– Совет этот хорош, – отвечал я и, взяв с собой в хан маклеров, при их посредстве я отправил материю в Кейзареех, где и продал ее купцам, написав расписки и передав их меняле, который, в свою очередь, дал мне расписку. Вернувшись в хан, я пробыл там несколько дней и ежедневно выпивал за завтраком чарку вина и ел баранину и какое-нибудь сладкое блюдо, приготовленное для меня, пока не прошел месяц и, по условию, я не получил право брать деньги за свои товары.

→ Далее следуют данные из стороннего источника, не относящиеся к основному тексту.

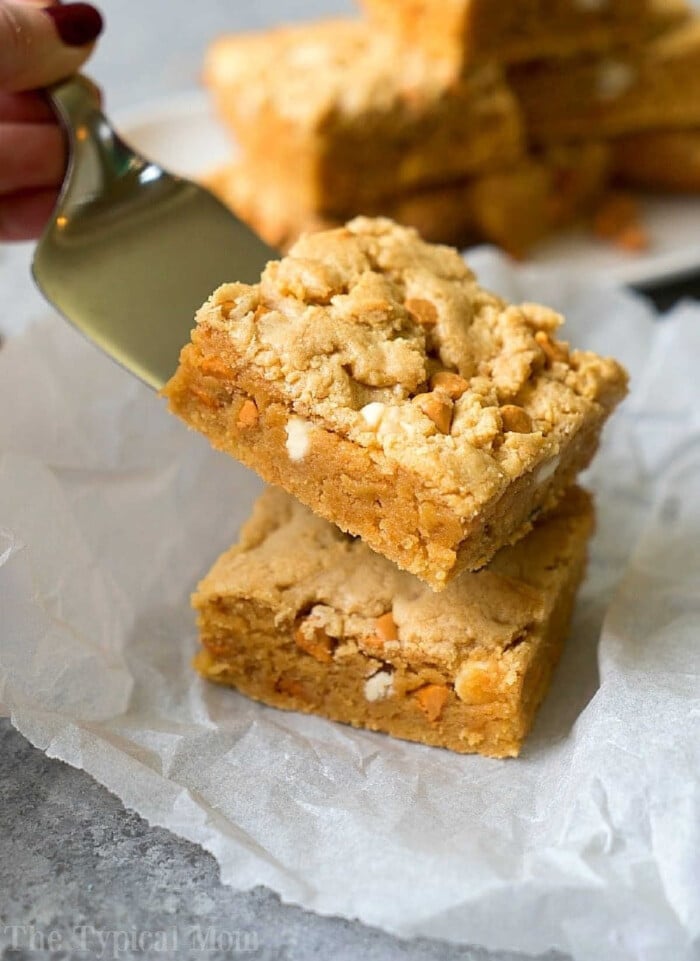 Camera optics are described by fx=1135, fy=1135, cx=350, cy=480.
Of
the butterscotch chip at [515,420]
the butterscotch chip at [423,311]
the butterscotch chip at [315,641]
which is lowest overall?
the butterscotch chip at [315,641]

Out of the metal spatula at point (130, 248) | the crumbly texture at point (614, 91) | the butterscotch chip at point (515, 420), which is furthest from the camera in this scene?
the crumbly texture at point (614, 91)

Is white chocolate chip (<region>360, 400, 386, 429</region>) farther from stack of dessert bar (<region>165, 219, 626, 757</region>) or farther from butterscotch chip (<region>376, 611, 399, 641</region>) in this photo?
butterscotch chip (<region>376, 611, 399, 641</region>)

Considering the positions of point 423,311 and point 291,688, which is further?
point 291,688

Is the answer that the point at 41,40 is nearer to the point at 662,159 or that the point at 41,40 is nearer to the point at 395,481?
the point at 395,481

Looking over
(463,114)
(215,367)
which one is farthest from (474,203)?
(215,367)

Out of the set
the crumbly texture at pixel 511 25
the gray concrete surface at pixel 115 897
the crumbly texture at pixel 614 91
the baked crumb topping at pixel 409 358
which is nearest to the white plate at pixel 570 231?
the crumbly texture at pixel 614 91

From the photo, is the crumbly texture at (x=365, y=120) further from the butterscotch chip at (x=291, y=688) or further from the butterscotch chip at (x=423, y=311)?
the butterscotch chip at (x=291, y=688)

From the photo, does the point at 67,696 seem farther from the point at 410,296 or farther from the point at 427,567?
the point at 410,296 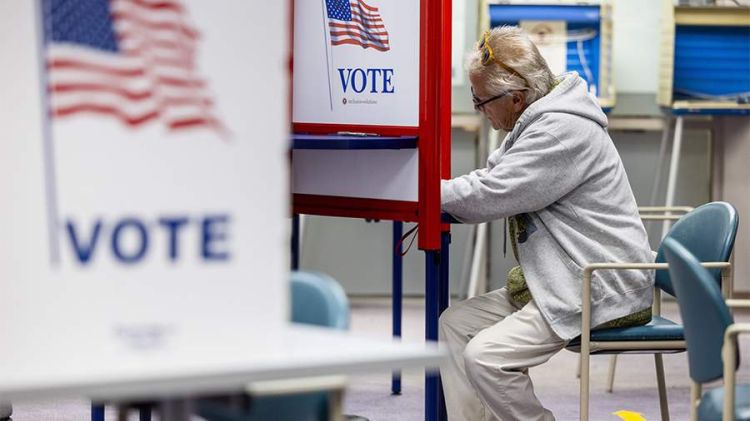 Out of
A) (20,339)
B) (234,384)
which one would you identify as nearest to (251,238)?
(234,384)

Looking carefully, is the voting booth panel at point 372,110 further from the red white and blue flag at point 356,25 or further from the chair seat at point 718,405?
the chair seat at point 718,405

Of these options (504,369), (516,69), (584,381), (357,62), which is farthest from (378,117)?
(584,381)

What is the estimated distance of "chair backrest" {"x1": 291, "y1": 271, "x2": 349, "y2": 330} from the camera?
1951 millimetres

Каждый четверг и понедельник я садился в лавки купцов, а денежный маклер и меняла приносили мне деньги.
Однажды я отправился в баню и, вернувшись в хан, пошел к себе в комнату и, выпив чарку вина, заснул. Проснувшись, я съел курицу[123] и, надушившись духами, пошел в лавку купца по имени Бедр-Эд-Дин-Садовник[124], который, увидав меня, поклонился мне, и мы сели у него в лавке и стали беседовать. Во время нашей беседы явилась какая-то женщина и села подле меня. У нее был на голове платок, надетый немного набекрень, и запах тонких духов распространялся от нее.
Когда она приподняла свой изар и показала мне свои черные глаза, то красота ее и привлекательность свели меня с ума. Она поклонилась Бедр-Эд-Дину, и он, ответив на ее поклон, стал говорить с нею; услыхав ее голос, я окончательно влюбился в нее.
– Нет ли у тебя материи, – сказала она тогда Бедр-Эд-Дину, – вытканной чистыми золотыми нитками?
Он достал ей кусок, а она сказала:
– Могу я взять его и потом прислать тебе деньги?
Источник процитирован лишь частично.